*Aim of the exercise*.
Restate exactly the lines that run from the start of the records below to the line containing "900 Maple Road, Longmeadow, MA 01106", counting both ends, and nothing else; pictures stay out.
══ Dataset excerpts
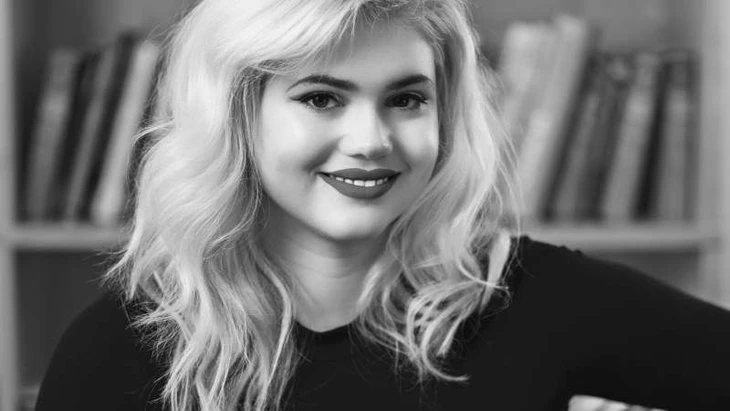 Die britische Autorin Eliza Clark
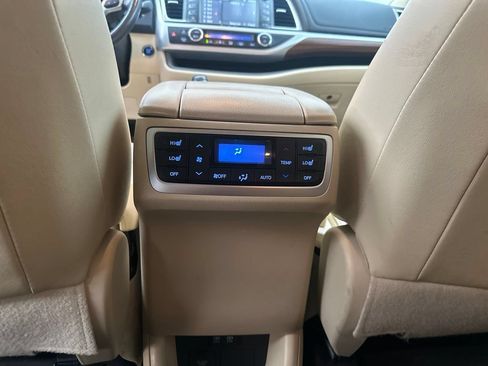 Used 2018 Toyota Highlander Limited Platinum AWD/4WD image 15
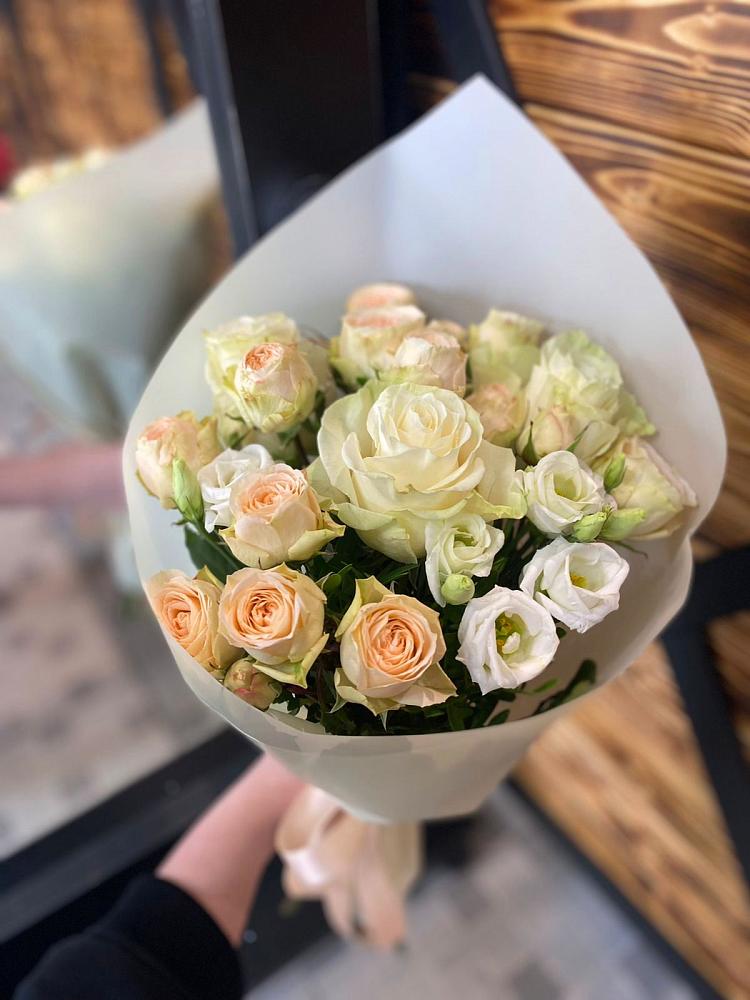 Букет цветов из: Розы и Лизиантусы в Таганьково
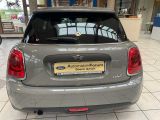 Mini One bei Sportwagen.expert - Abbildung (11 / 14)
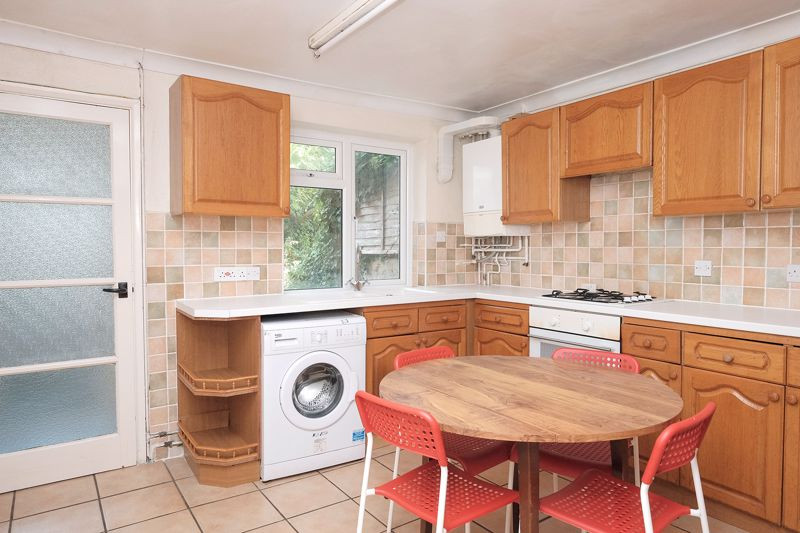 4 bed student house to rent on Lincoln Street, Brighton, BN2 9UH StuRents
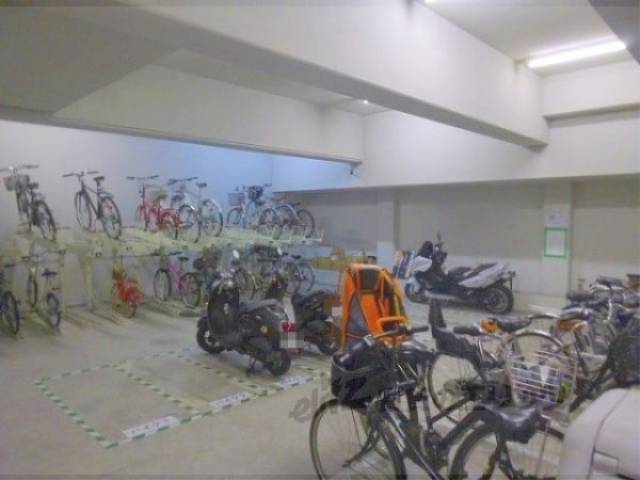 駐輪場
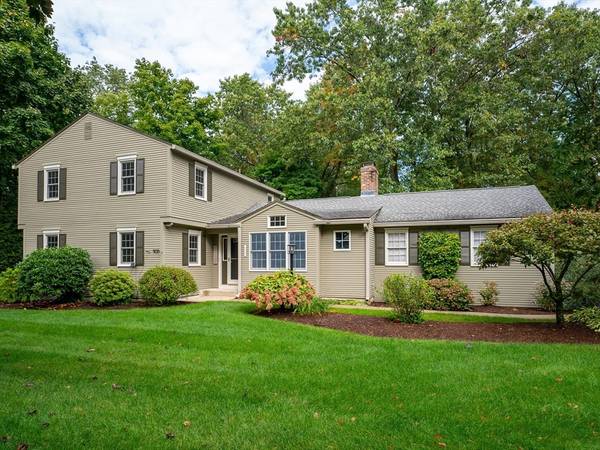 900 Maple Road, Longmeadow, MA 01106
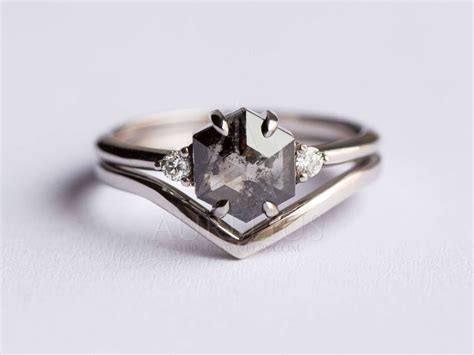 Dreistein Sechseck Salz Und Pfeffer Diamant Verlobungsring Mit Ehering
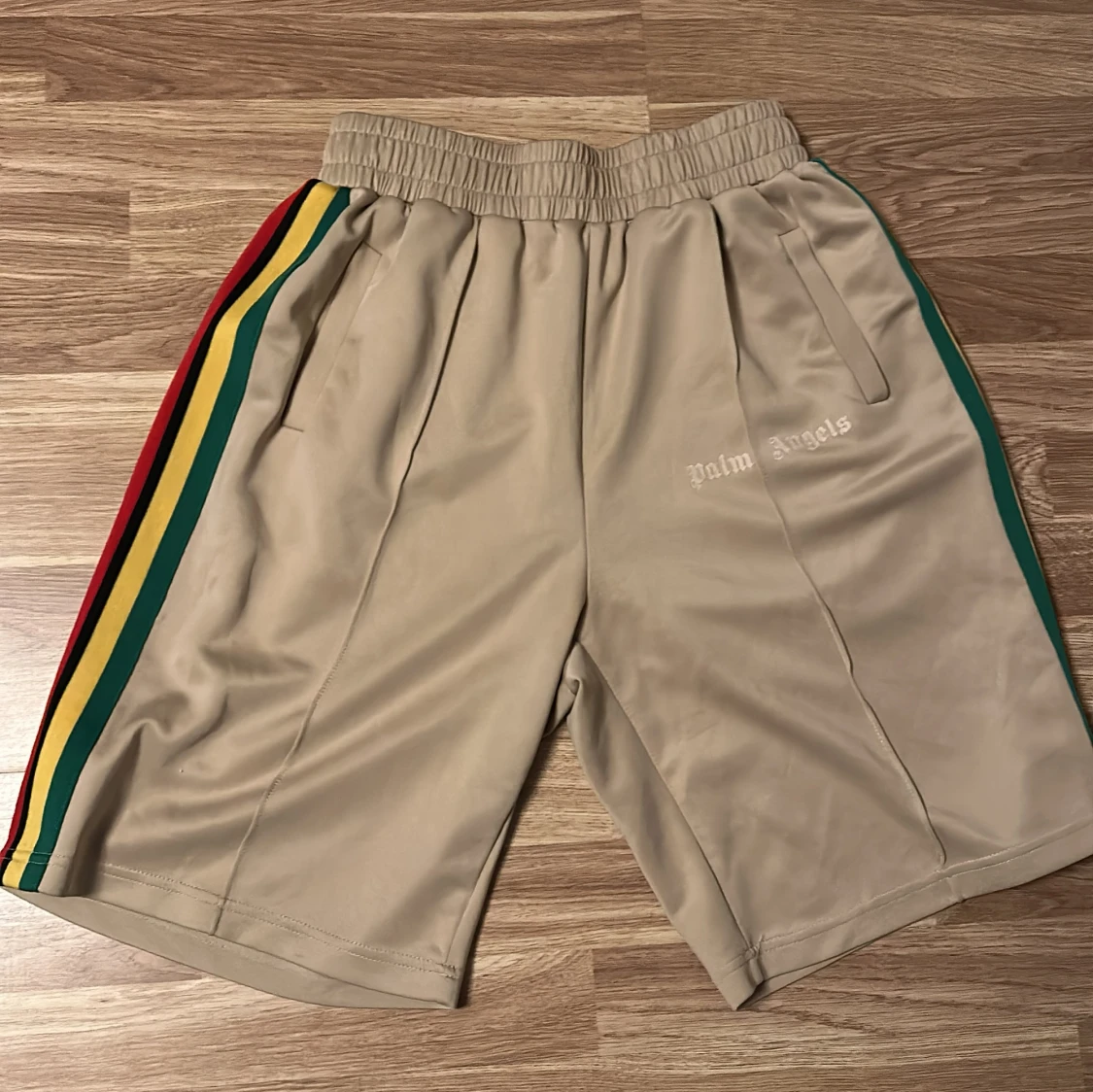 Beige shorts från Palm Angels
════
*Result of this task*.
 Die britische Autorin Eliza Clark
 Used 2018 Toyota Highlander Limited Platinum AWD/4WD image 15
 Букет цветов из: Розы и Лизиантусы в Таганьково
 Mini One bei Sportwagen.expert - Abbildung (11 / 14)
 4 bed student house to rent on Lincoln Street, Brighton, BN2 9UH StuRents
 駐輪場
 900 Maple Road, Longmeadow, MA 01106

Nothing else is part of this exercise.